| Assignment |
Set the pictures aside and return each record below precisely as written.

=== Dataset entries ===

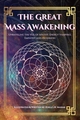 The Great Mass Awakening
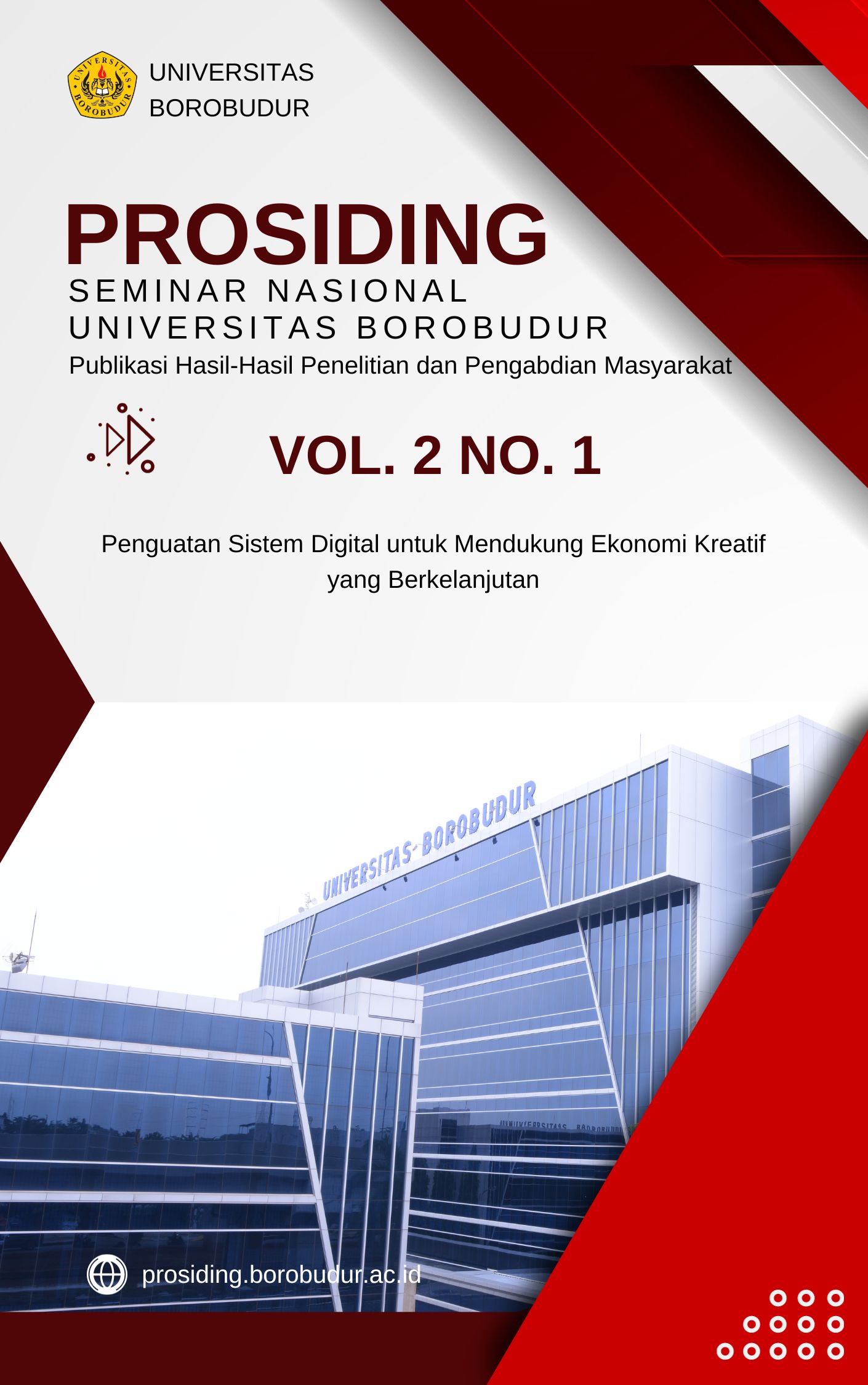 					View Vol. 2 No. 1 (2023): Penguasaan Sistem Digital Untuk mendukung Ekonomi Kreatif Yang Berkelanjutan
				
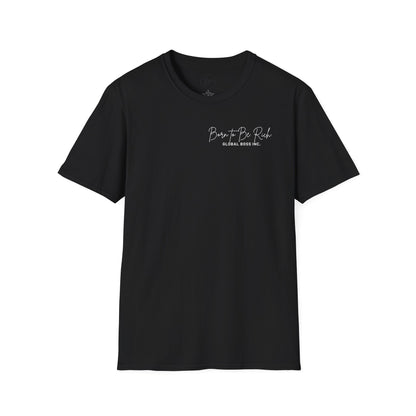 Born to Be Rich Unisex Softstyle T-Shirt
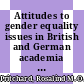 Attitudes to gender equality issues in British and German academia [E-Book] /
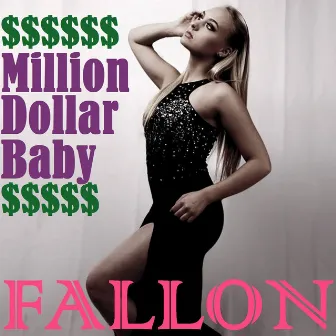 Million Dollar Baby (feat. Abraham) - Single by Fallon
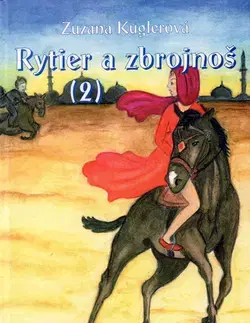 Historické romány Rytier a zbrojnoš (2) - Zuzana Kuglerová
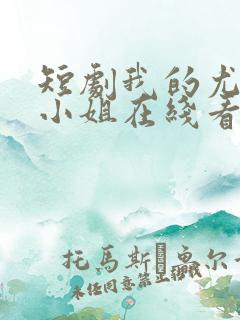 短剧我的尤物大小姐在线看免费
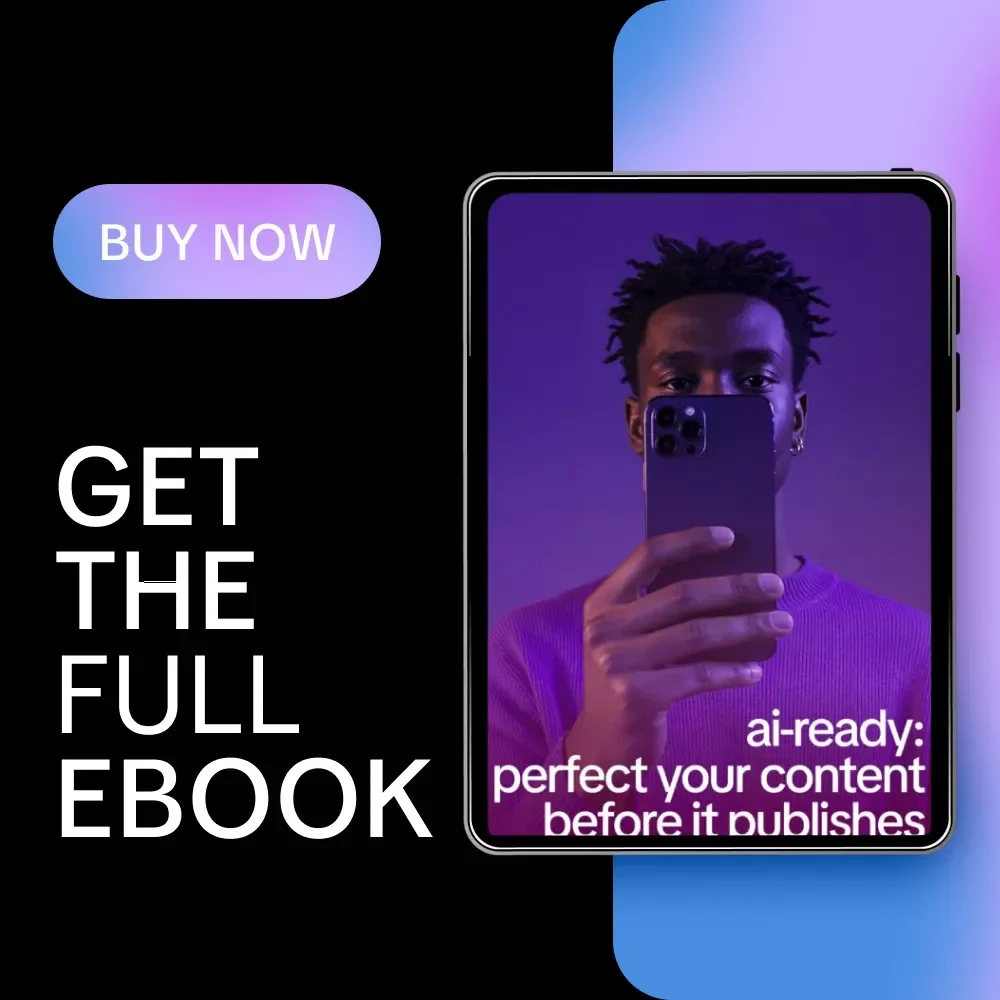 AI-Ready: Perfect Your Content Before It Publishes – The Ultimate Guide on How to Use AI Before Publishing Content for Smarter, Faster, and More Engaging Digital Creation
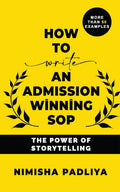 HOW TO WRITE AN ADMISSION WINNING SOP : The Power of Storytelling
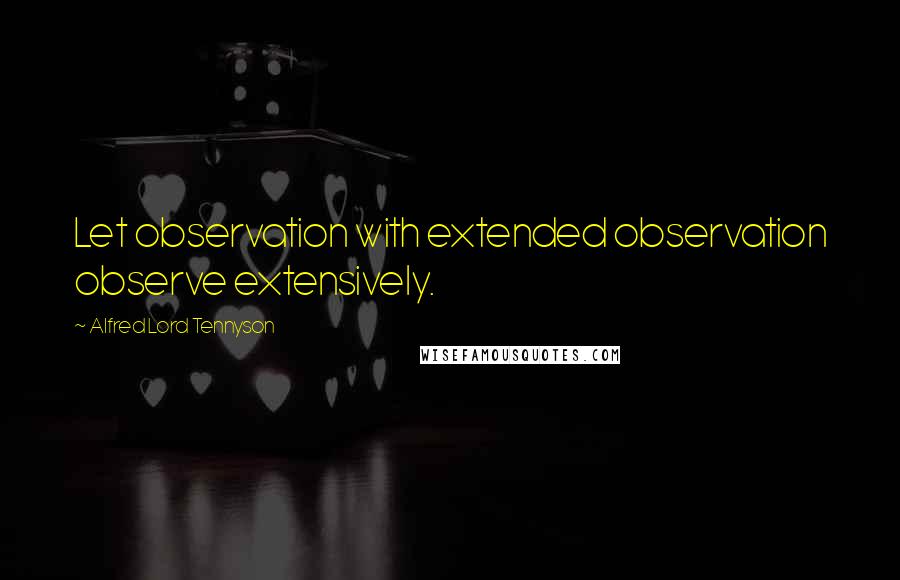 Alfred Lord Tennyson Quotes: Let observation with extended observation observe extensively.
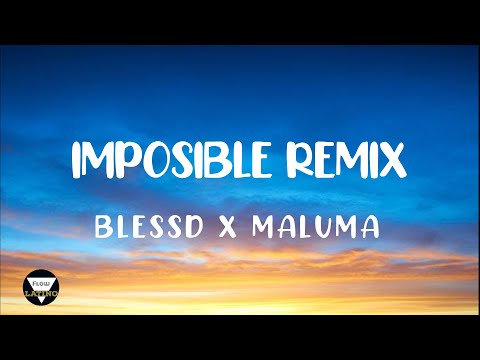 Imposible REMIX   Blessd x Maluma LETRA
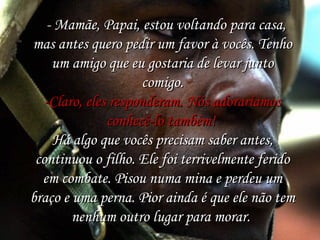   - Mamãe, Papai, estou voltando para casa,
mas antes quero pedir um favor à vocês. Tenho
um amigo que eu gostaria de levar junto
comigo.
-Claro, eles responderam. Nós adoraríamos
conhecê-lo também! 
Há algo que vocês precisam saber antes,
continuou o filho. Ele foi terrivelmente ferido
em combate. Pisou numa mina e perdeu um
braço e uma perna. Pior ainda é que ele não tem
nenhum outro lugar para morar.

 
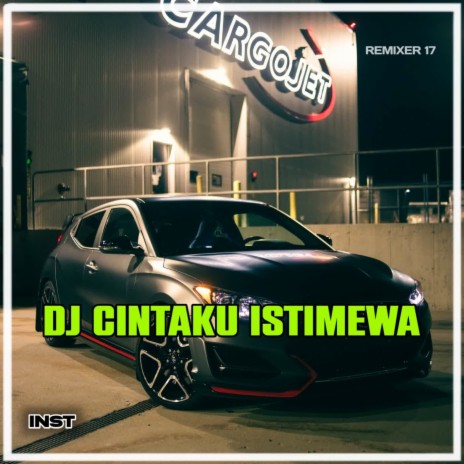 DJ CINTAKU ISTIMEWA (Inst) | Boomplay Music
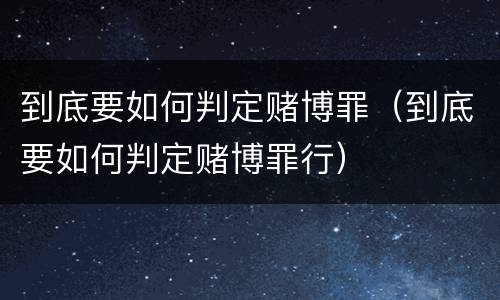 到底要如何判定赌博罪（到底要如何判定赌博罪行）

===

| Response for this exercise |
 The Great Mass Awakening
 					View Vol. 2 No. 1 (2023): Penguasaan Sistem Digital Untuk mendukung Ekonomi Kreatif Yang Berkelanjutan
				
 Born to Be Rich Unisex Softstyle T-Shirt
 Attitudes to gender equality issues in British and German academia [E-Book] /
 Million Dollar Baby (feat. Abraham) - Single by Fallon
 Historické romány Rytier a zbrojnoš (2) - Zuzana Kuglerová
 短剧我的尤物大小姐在线看免费
 AI-Ready: Perfect Your Content Before It Publishes – The Ultimate Guide on How to Use AI Before Publishing Content for Smarter, Faster, and More Engaging Digital Creation
 HOW TO WRITE AN ADMISSION WINNING SOP : The Power of Storytelling
 Alfred Lord Tennyson Quotes: Let observation with extended observation observe extensively.
 Imposible REMIX   Blessd x Maluma LETRA
   - Mamãe, Papai, estou voltando para casa,
mas antes quero pedir um favor à vocês. Tenho
um amigo que eu gostaria de levar junto
comigo.
-Claro, eles responderam. Nós adoraríamos
conhecê-lo também! 
Há algo que vocês precisam saber antes,
continuou o filho. Ele foi terrivelmente ferido
em combate. Pisou numa mina e perdeu um
braço e uma perna. Pior ainda é que ele não tem
nenhum outro lugar para morar.

 
 DJ CINTAKU ISTIMEWA (Inst) | Boomplay Music
 到底要如何判定赌博罪（到底要如何判定赌博罪行）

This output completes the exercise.